I am currently running it in the JL recommended sealed box, but I'd like to get some more kick out of it. The only issue is my trunk space is fairly limited and I would like to keep the weight of the box to a minimum. I would rather do a custom round port than the JL spec'd slot vented enclosure to help keep the size/weight down.
Anyone have some box design they'd like to share, or help me with designing one?


----------



## TypeR (Apr 28, 2011)

Forgot to specify that I'd like to use an aeroport


----------



## The Baron Groog (Mar 15, 2010)

Ok, how much space can you give up to the box and what response would you like?

Optimum in bbpro is coming up as 1.784cf with a 4" ID port 39.87" long, tuned to 23.44Hz


----------



## [email protected] (Jun 12, 2008)

In the recommended 1 cube box, that 8 is awesome. I dont see a need for anything bigger. I know there is a seller on Ebay selling them for under 100 shipped, built to JL's specs. It has a slot port.


----------



## The Baron Groog (Mar 15, 2010)

What's the JL enclosure tuning? I'll model them both and post the response graphs


----------



## [email protected] (Jun 12, 2008)

The Baron Groog said:


> What's the JL enclosure tuning?
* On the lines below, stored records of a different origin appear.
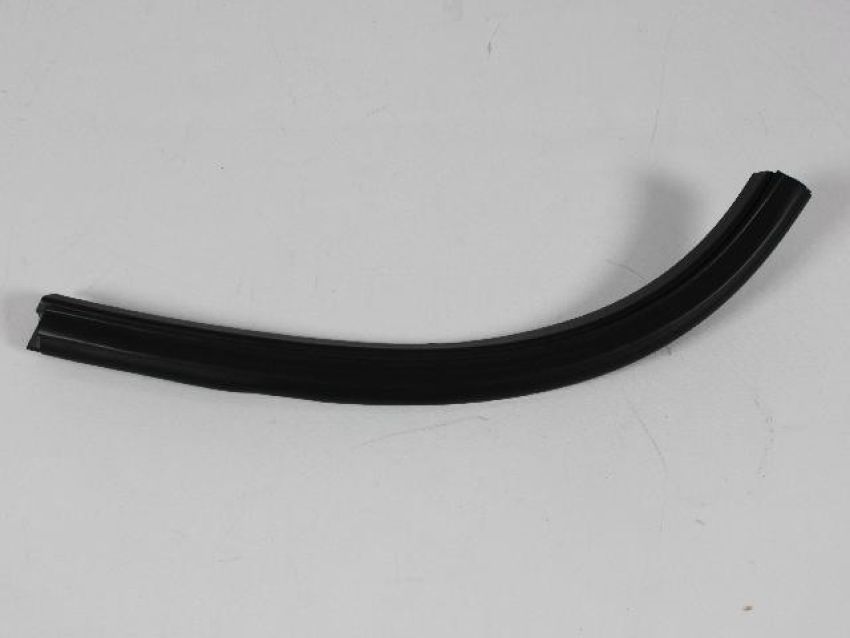 Mopar 55396052AD SEAL, Wheelhouse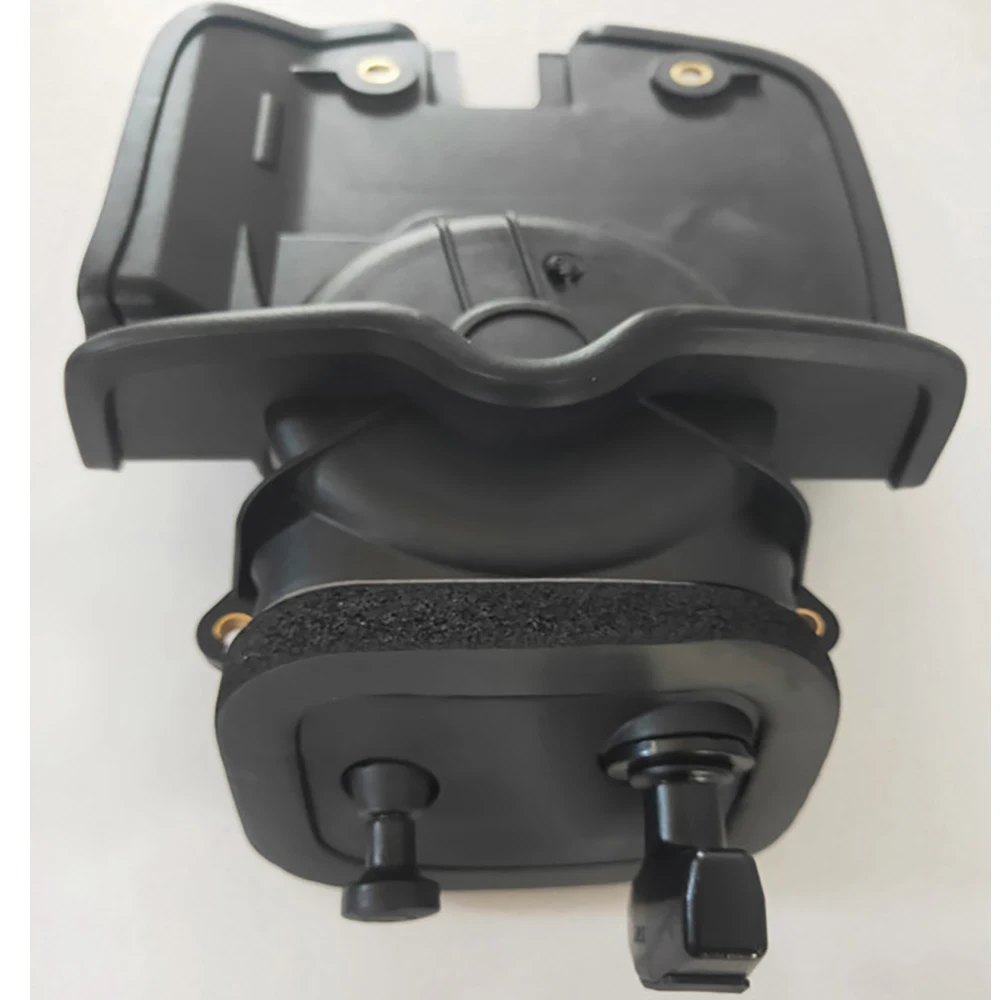 

Free Shipping Boat Engine Pull Starter Original Part For PARSUN 4Stroke 2.6hp Outboard Motor Spares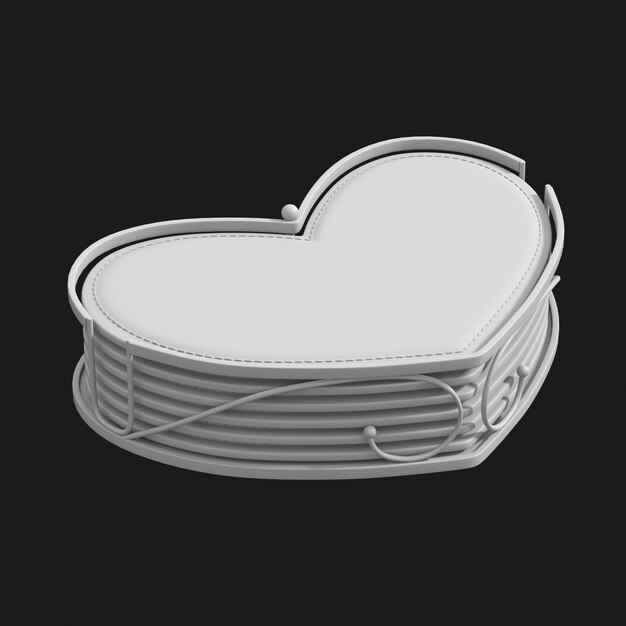 Thumbnail-https://img.freepik.com/3d-models/v2/W/4/3/N/B/P/Z/W43NBPZP/heart-coaster-beauty-1.png?t=st=1752420738~exp=1752424338~hmac=67d2121048e0d6e7ccb7c147838ccc11ff41cc96f010ab9e566ca81b565e3fb0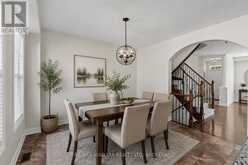16 MACDONELL ROAD | Niagara-on-the-Lake Ontario | Slide Image Eleven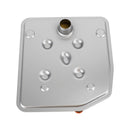 Lincoln 2011-2017 Navigator / 2019 Nautilus Auto Trans Filter Kit 6R80 FT-188 BL3Z7A098A FT188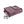 Serta purple heated blanket with two digital controllers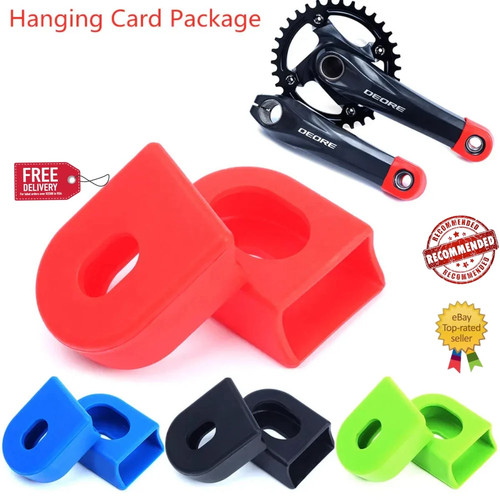 Risk 2pcs silicone bicycle - risk,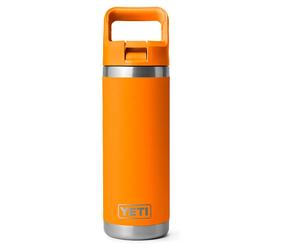 Yeti Bottiglia Termica Rambler Colour 532ml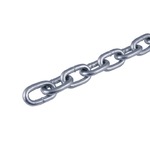 ���� ������� �������������� 8 ��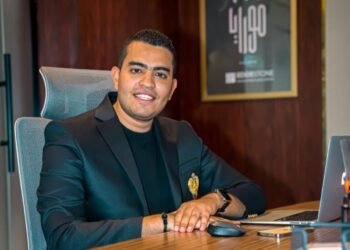 شركة «EDGE STONE» تخطط لإطلاق مشروع جديد قبل نهاية العام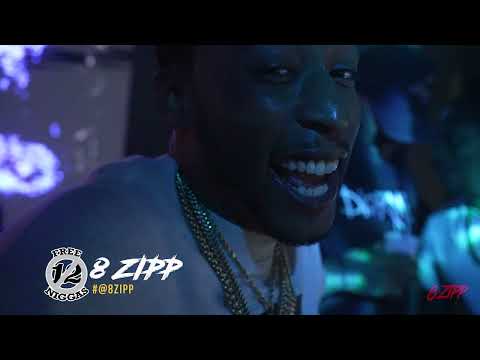 8 Zipp - VLOG/Episode 3 ShotBy & Edited By @FlexVision1 @lenzelc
I'll model them both and post the response graphs


34.33hz, 1 cube net interior

8W7AE-3 - Car Audio - Subwoofer Drivers - W7AE - JL Audio


----------



## TypeR (Apr 28, 2011)

Thanks, I'm curious to see the results.
I would ideally like to keep the box at the 1 cube net to save on space/weight and I would like to keep the aeroport internal to the box, so the port length has to be kept at a minimum.
I used the port calculator on PSE's website on got a port length of 6.7" with a 2" diameter port. Is that a good match for the 8W7?
Products Menu

Some other questions:
-What is the best sub/port position?
-Is it better to have the sub facing the back seat and the port towards the trunk? (trunk in a compact car)


----------



## The Baron Groog (Mar 15, 2010)

Right, modeled the JL enlcosure, as per the dimensions they list on their site-this does not give a 1cf net volume or a 34.33Hz tune as they state-that is the light blue trace on the graph below. gross vol 1.214cf

The orange line is a 1cf net volume enclosure, with a 34.34Hz tune-close enough to what they describe the recommended to be. gross vol 1.417cf

The green line is BBpro's optimum, much flater and will give better results in a hatch back. gross vol 1.638cf

A 2" ID port will start chuffing at 65wrms, so a pointless exercise.


----------



## TypeR (Apr 28, 2011)

Cool thanks. I'll see what I can make work in my trunk. Couldn't I just use 2 of the 2" ports to get the same flow as a 3" port? Unfortunately I am stuck with putting the port of the shallow dimension of the box.


----------



## The Baron Groog (Mar 15, 2010)

2x 2" ports will see you chuffing at around 250wrms


----------



## minbari (Mar 3, 2011)

TypeR said:


> Cool thanks. I'll see what I can make work in my trunk. Couldn't I just use 2 of the 2" ports to get the same flow as a 3" port? Unfortunately I am stuck with putting the port of the shallow dimension of the box.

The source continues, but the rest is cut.